As a girl, I remember wondering what souvenir I would collect as a world traveller. Would I barter for something of cultural significance whilst standing amidst a Zulu ceremonial dance in southern Africa? Or would I overlook the ochre sand beneath my feet and the brilliant, colourful strings of beaded bride price wrapped around the necks, wrists and ankles of the tribe’s women in search of the perfect teaspoon to add to my nanna's collection?

Travelling in my twenties I had neither the money nor room in my over-stuffed backpack for trinkets or t-shirts. The demand for novelty teaspoons was dying out along with shoulder pads and fluorescent leg warmers, thus forcing my hand when it came to contributing to Nanna's collection. And, as for the requisite photo holding up the Leaning Tower of Pizza – I was a lone traveller with a Polaroid camera years before the invention of the ‘selfie’ stick.

I was drawn to a souvenir of another kind.
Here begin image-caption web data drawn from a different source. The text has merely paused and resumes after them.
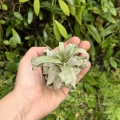 Tillandsia streptophylla Hybrid - terrarium, dekoracja wnętrz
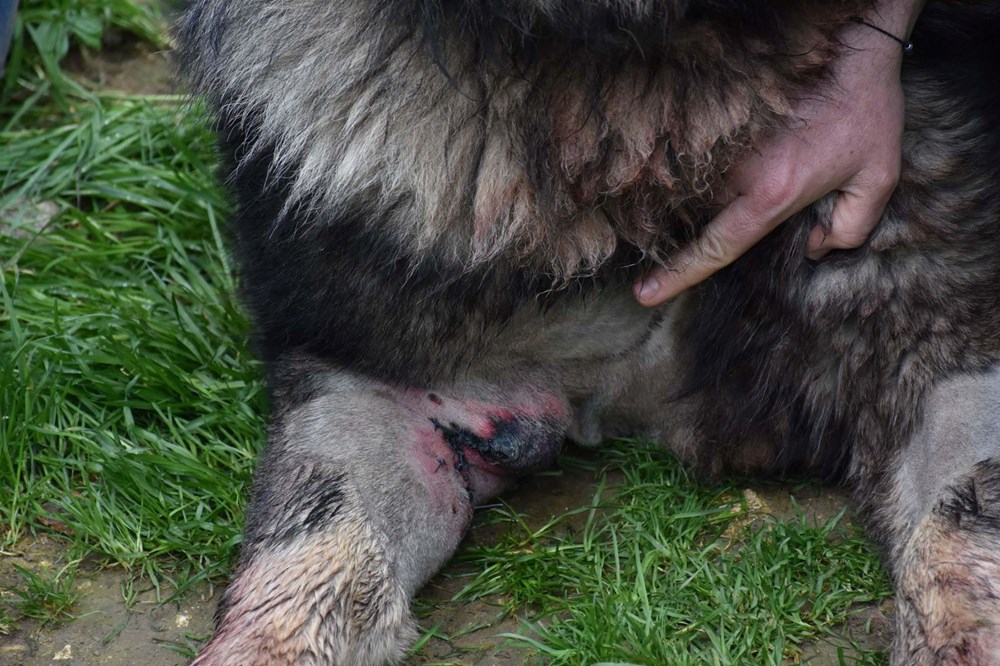 Çalamadığı köpeği pompalı tüfekle vurdu - 3
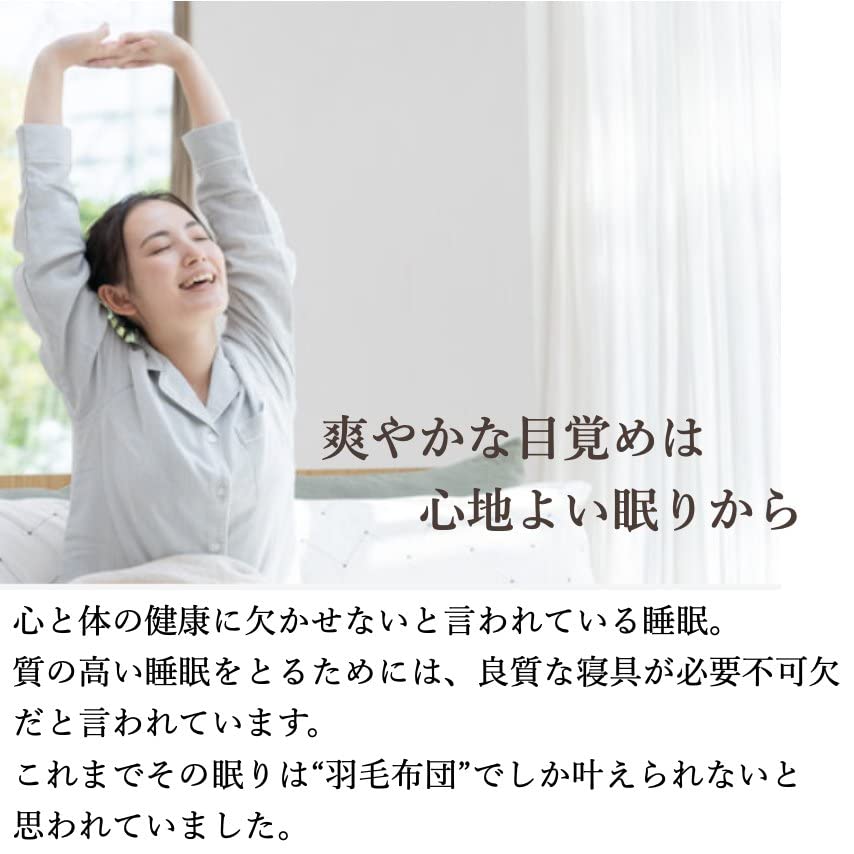 ミクロガード スタンダード 2枚合わせ掛け布団［シングル］ベージュ／テイジン Amazon｜テイジン 防ダニ 2枚合わせ 掛け布団 ミクロガード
As a young adventurer it became apparent I would collect languages, memories and defining moments; unique possessions that couldn’t be broken, lost or stolen.

For me, the sensation of learning a new language, however crudely, is like hearing the captivating twang of a sape’ or the haunting tune of a zurna for the first time. The vibration, the rolling, curling, tapping of tongue on teeth and palate is a cultural ceremony to savour in and forever feast upon. As for memories – some will fade; others will be pushed to the back recesses of the brain’s filing system. Yet, somewhere in time there will be a sound, an aroma, an image, a taste that will retrieve that defining moment in time when you dared throw your arms around the world.

One should collect defining moments like snow globes and teaspoons. Curios tell stories of distant lands visited; memories add the punctuation marks.